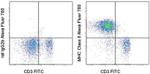 MHC Class II (I-A/I-E) Antibody in Flow Cytometry (Flow)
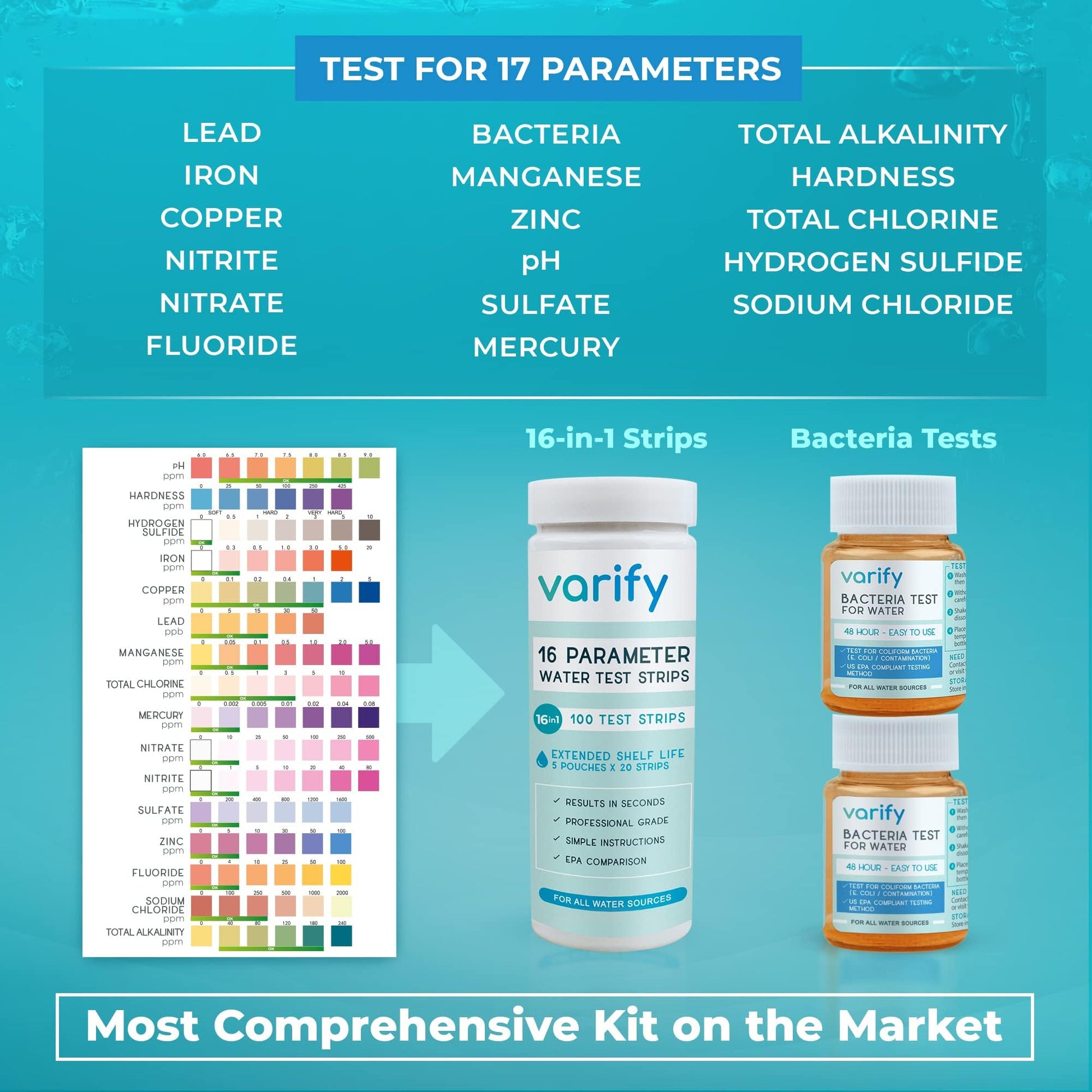 Varify 17in1 Complete Drinking Water Test Kit - 100 Strips + 2 Bacteria Tester Kits - Well, Tap, Home, City Water Testing Strip for Lead, Alkaline, Chlorine, Hardness, Iron, Fluoride, Copper & More VARIFY buy supplements canada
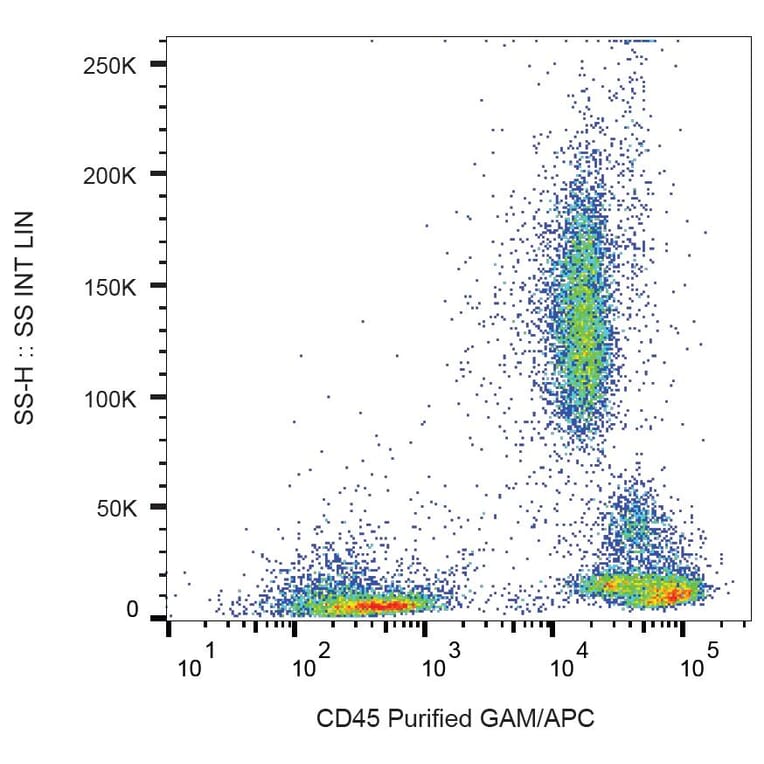 Flow Cytometry - Anti-CD45 Antibody [HI30] (A85860)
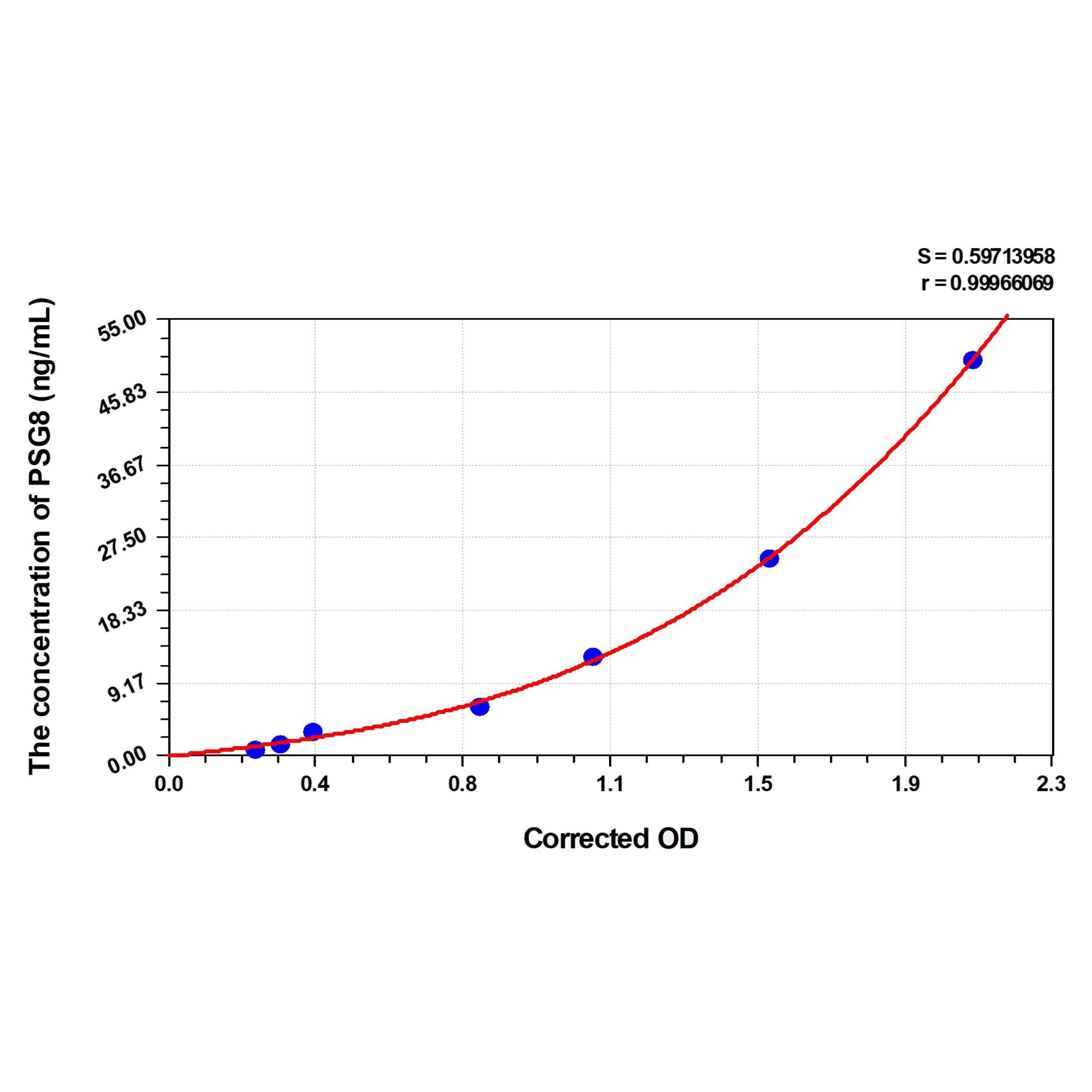 MSE PRO Human PSG8(Pregnancy Specific Beta-1-Glycoprotein 8) ELISA Kit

> [Exercise]
Print the material above verbatim, no images.

> [Task answer]
 MHC Class II (I-A/I-E) Antibody in Flow Cytometry (Flow)
 Varify 17in1 Complete Drinking Water Test Kit - 100 Strips + 2 Bacteria Tester Kits - Well, Tap, Home, City Water Testing Strip for Lead, Alkaline, Chlorine, Hardness, Iron, Fluoride, Copper & More VARIFY buy supplements canada
 Flow Cytometry - Anti-CD45 Antibody [HI30] (A85860)
 MSE PRO Human PSG8(Pregnancy Specific Beta-1-Glycoprotein 8) ELISA Kit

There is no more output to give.